Last night, my nonprofit hosted a happy hour fundraiser at a bar in SF. It was really fun, a lot of friends showed up, and we raised a decent amount money. They let us guest-bartend and all tips went to our nonprofit. I didn’t end up bartending (my choice), but I did stay for the tutorial and where they taught us how to make drinks. It kept giving me flashbacks to my summer as a waitress….I was so terrible at it, that years later, I still have so much respect for people who are good at it (like the bartenders who were giving us lessons last night). I’d never been terrible at a job before, so it remains such a humbling experience….and one that I’m glad I did if only for the lessons I learned.
One summer when I was home from college, I got a job at a local Italian restaurant. I had an internship that summer too at the local tv news station (which was not as fun and glamorous as I expected….I saw watching sports games all day and noting the times when anything big happened), but needed something that actually paid. So I thought I’d give waitressing a shot.
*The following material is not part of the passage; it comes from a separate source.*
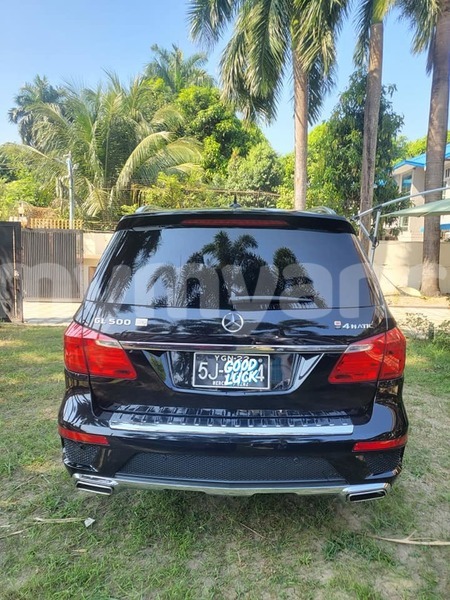 Big with watermark mercedes benz gl klasse magway chauk 4899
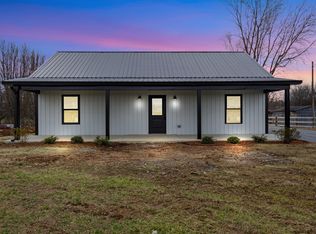 2523 Mudcat Rd, Cedar Hill, TN 37032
It was a cute, little cafe with an outdoor patio that was across the street from a huge office building, which made it a hot spot for the lunchtime crowd as well as the after-dinner family crowd. I started off as a hostess for a few weeks before I was “promoted” to waitressing.
OH MY GOSH, I was a horrible waitress. I had never been terrible at a job before, but I have absolutely no skills.
For one thing, the whole thing stressed me out like crazy. I would have no tables at 12:00noon, but at 12:05, I would have five tables, all who needed to eat and pay before their lunch hour ended at 1pm. I couldn’t keep track of who needed water or bread refilled, who had already ordered, or who needed to pay. I would leave the dinner shift around midnight, go home, pass out asleep and have nightmares/anxiety dreams about forgetting to refill water glasses for my tables.
I was jealous that everyone was out with their friends having fun and I was stuck working for them. I lost weight because I was working during meal times and never had a chance to eat.
I couldn’t hold the large tray either. That thing is heavy! You’re supposed to hold it at shoulder height and it carries ~5 big plates full of food. I don’t have much arm strength (can’t do a pull up…) and the tray was just way too big for me. Usually, I would have a good grasp for a few steps and then it would tilt slightly…..sometimes causing juices from one plate or another to drip onto another plate. NOT what anyone wanted in their food.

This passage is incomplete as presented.